The Melbourne spark (2014)
Their idea was almost insultingly simple: let shoppers split a purchase into four interest-free payments, and charge the merchant rather than the customer. No interest, no revolving balance, no credit-card trap. For a generation scarred by watching parents drown in card debt during the 2008 crisis, it landed perfectly.
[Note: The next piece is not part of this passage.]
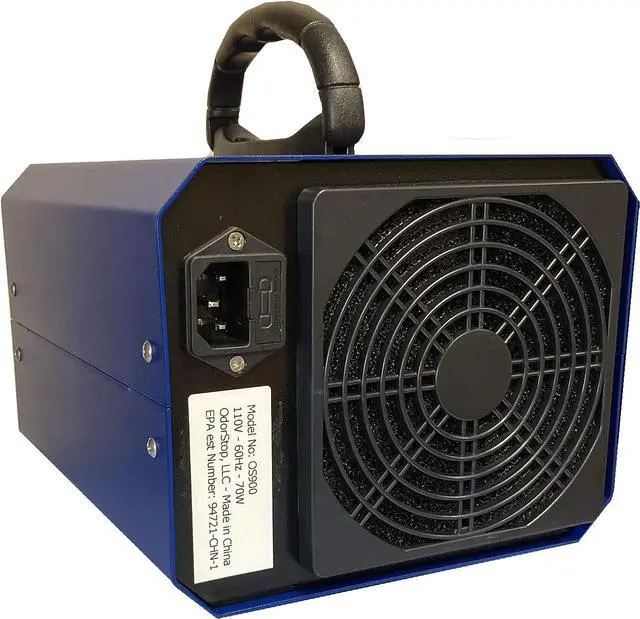 Alt view image 2 of 5 - OdorStop Professional Grade Ozone Generators (900 Sq Ft)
The ASX rocket (2016-2018)
Afterpay listed on the Australian Securities Exchange in 2016 at around A$1 a share, unusually early for a fintech. That gave it a devoted retail-investor following and made it a national story, not just a checkout button. When it launched in the US in 2018 it signed roughly a thousand retailers in its first month, riding straight into the Gen Z fashion wave.
The Block era (2021-2026)
In 2021 Jack Dorsey's Block agreed to buy Afterpay for about $29B in stock, the largest acquisition in Australian history. The bet was that BNPL wasn't a feature but the connective tissue of a financial network. By 2025 that thesis had a name: Cash App Afterpay, the rebrand that embedded Afterpay's pay-over-time directly into Cash App's roughly 57 million monthly users, closing the loop between Square's merchants and Block's consumers.